WORK REQUEST: The entries below contain pictures. Write out only the lines from the line with "Viavino Restaurant" up to and including the line with "薛仁雅唯美純白風簡歷照", exactly, without them.

Pictures with short captions:

[Start of Attachment]

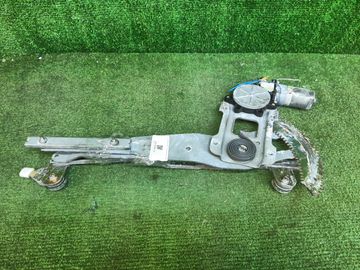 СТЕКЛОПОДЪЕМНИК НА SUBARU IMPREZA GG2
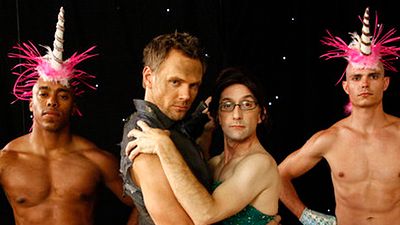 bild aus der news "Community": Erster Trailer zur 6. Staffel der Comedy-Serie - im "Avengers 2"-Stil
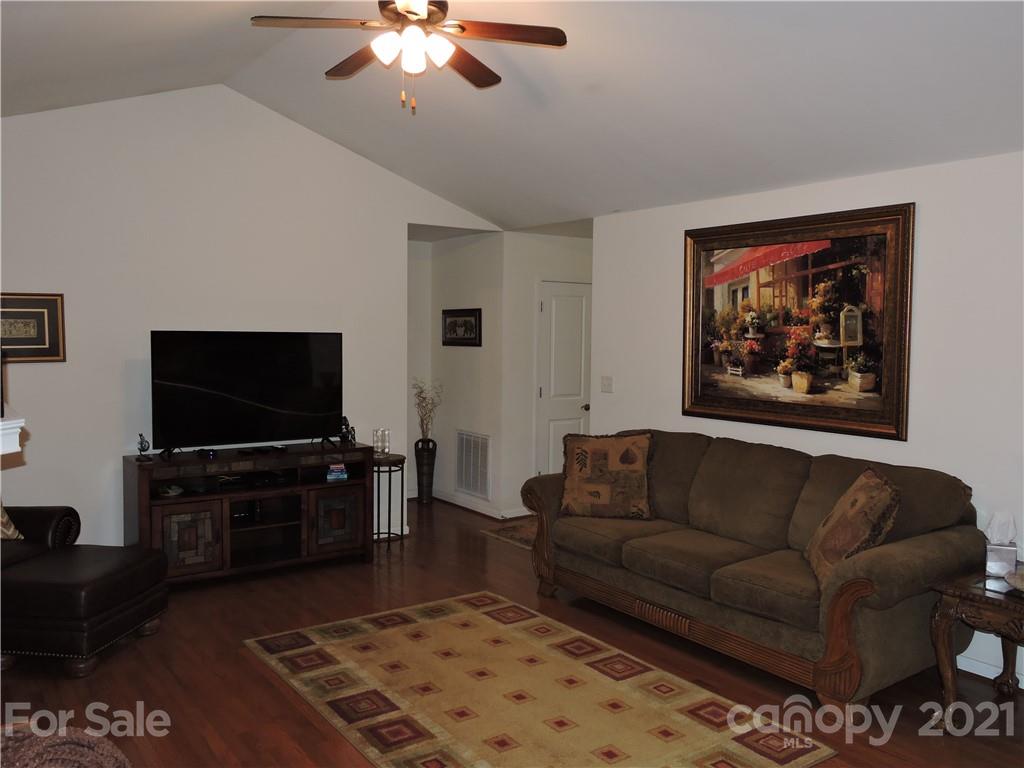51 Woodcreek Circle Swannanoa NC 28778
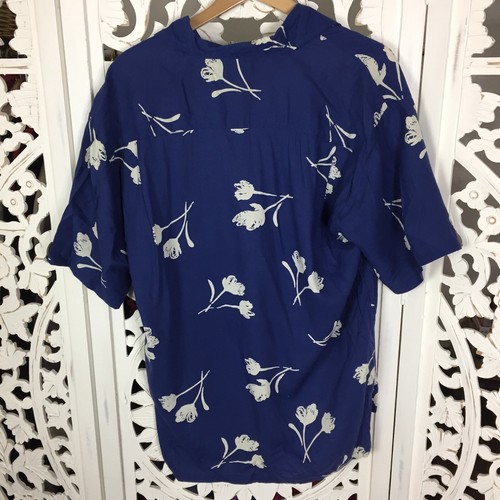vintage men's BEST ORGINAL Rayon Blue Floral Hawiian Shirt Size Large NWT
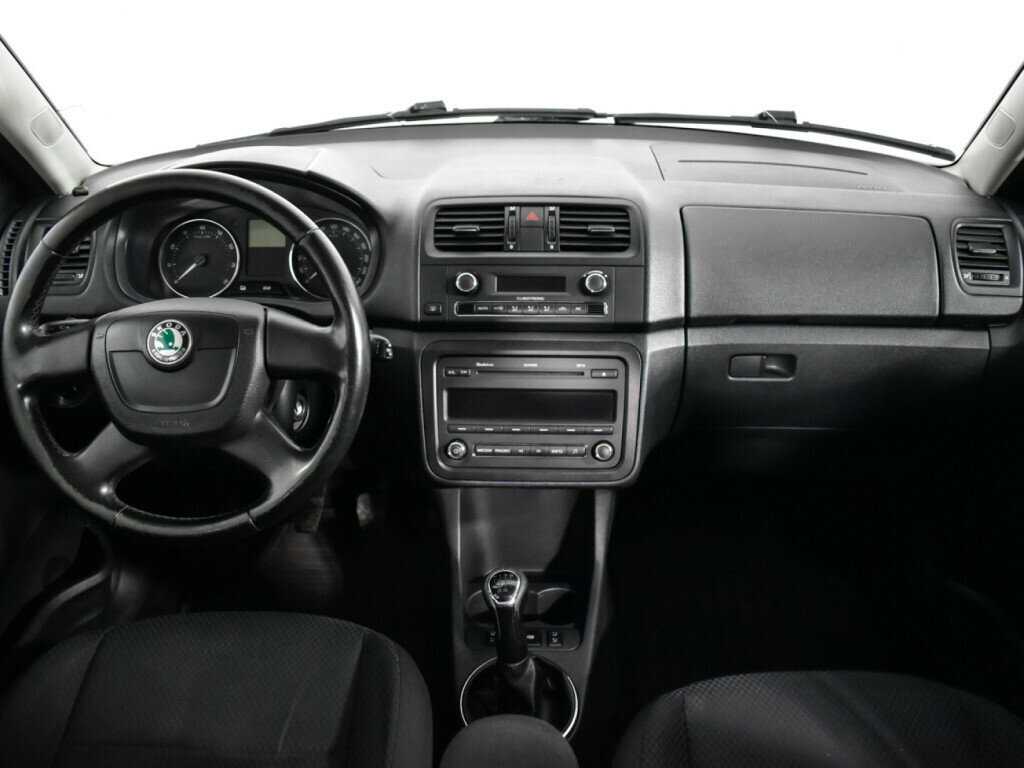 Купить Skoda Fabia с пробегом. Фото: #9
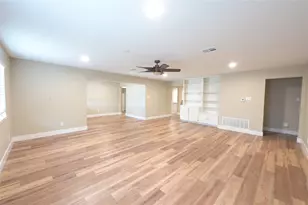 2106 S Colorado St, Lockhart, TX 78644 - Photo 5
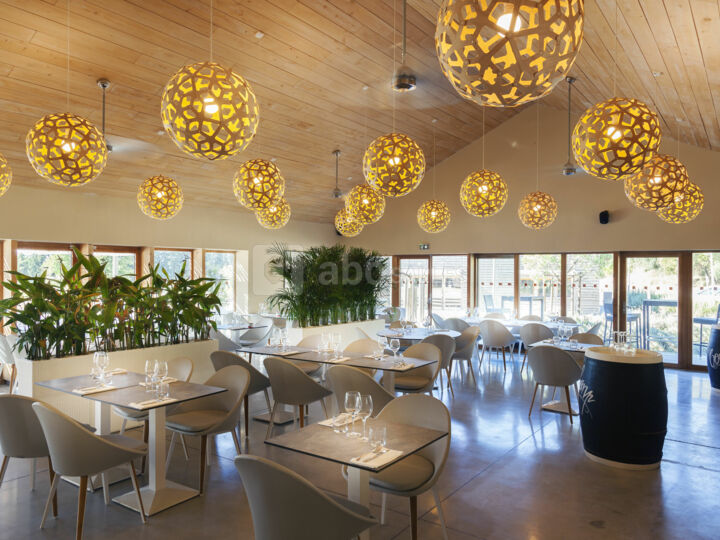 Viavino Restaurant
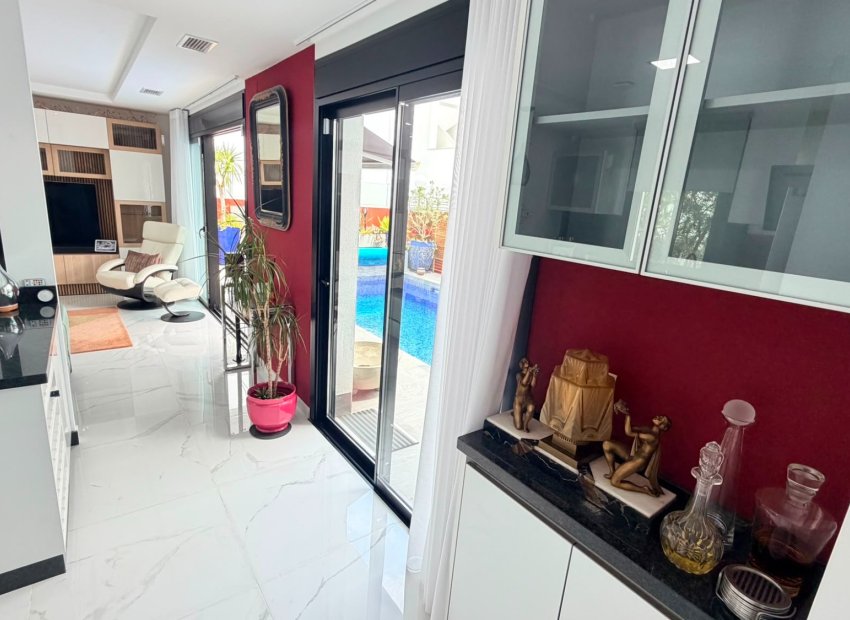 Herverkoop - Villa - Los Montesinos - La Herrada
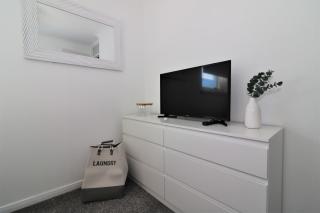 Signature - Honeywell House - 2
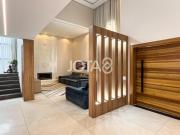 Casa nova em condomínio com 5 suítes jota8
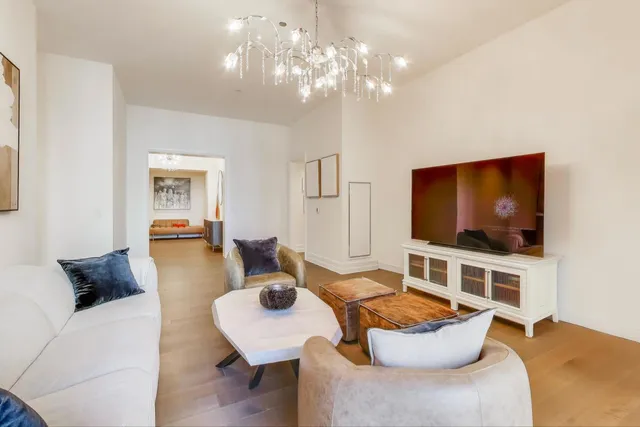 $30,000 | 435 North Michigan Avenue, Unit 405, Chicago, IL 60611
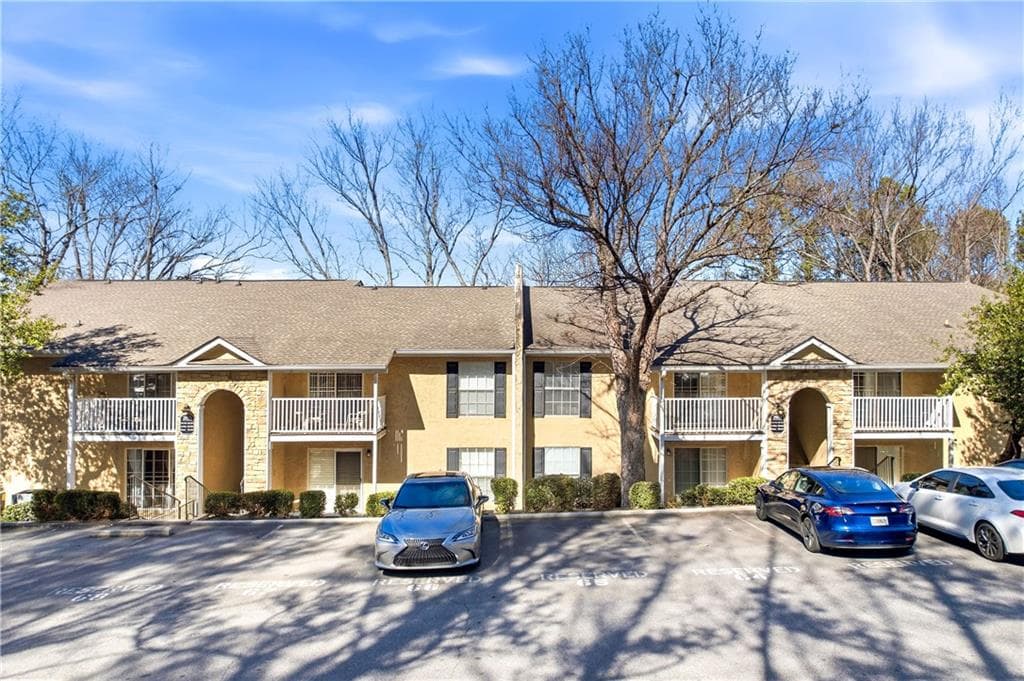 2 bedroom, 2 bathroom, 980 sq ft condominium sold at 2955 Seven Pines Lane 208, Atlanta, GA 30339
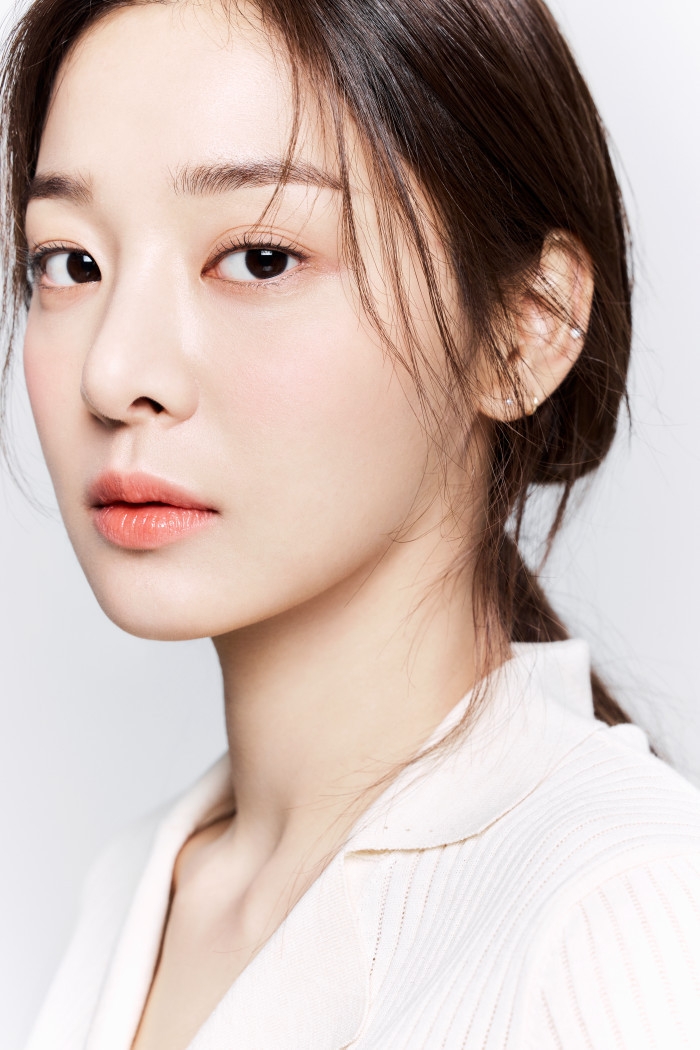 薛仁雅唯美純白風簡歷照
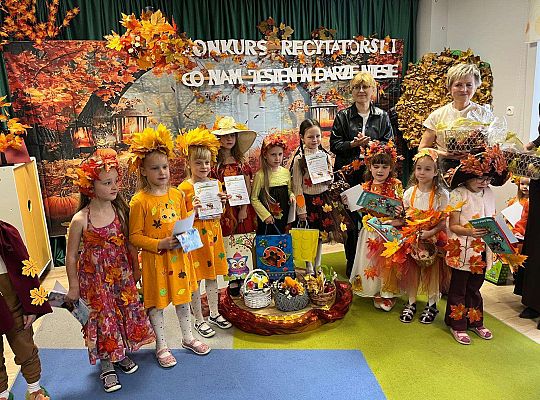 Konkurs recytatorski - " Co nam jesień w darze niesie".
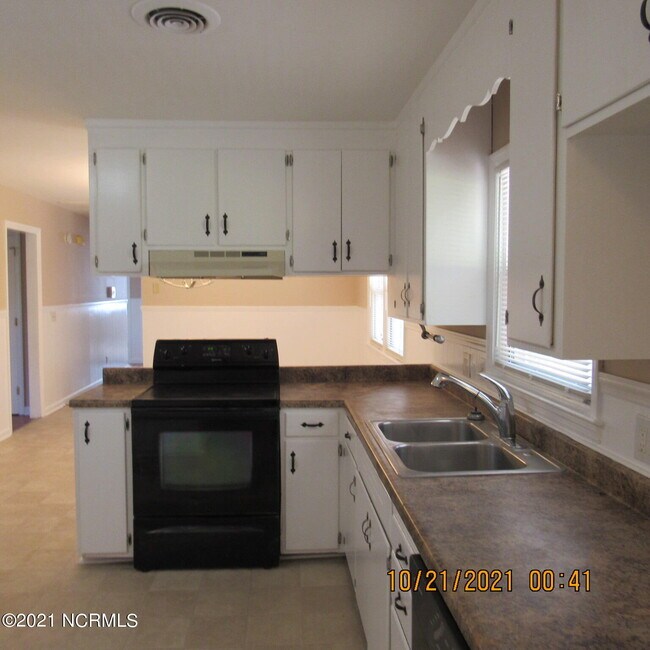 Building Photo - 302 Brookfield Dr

[End of Attachment]

ANSWER AREA:
 Viavino Restaurant
 Herverkoop - Villa - Los Montesinos - La Herrada
 Signature - Honeywell House - 2
 Casa nova em condomínio com 5 suítes jota8
 $30,000 | 435 North Michigan Avenue, Unit 405, Chicago, IL 60611
 2 bedroom, 2 bathroom, 980 sq ft condominium sold at 2955 Seven Pines Lane 208, Atlanta, GA 30339
 薛仁雅唯美純白風簡歷照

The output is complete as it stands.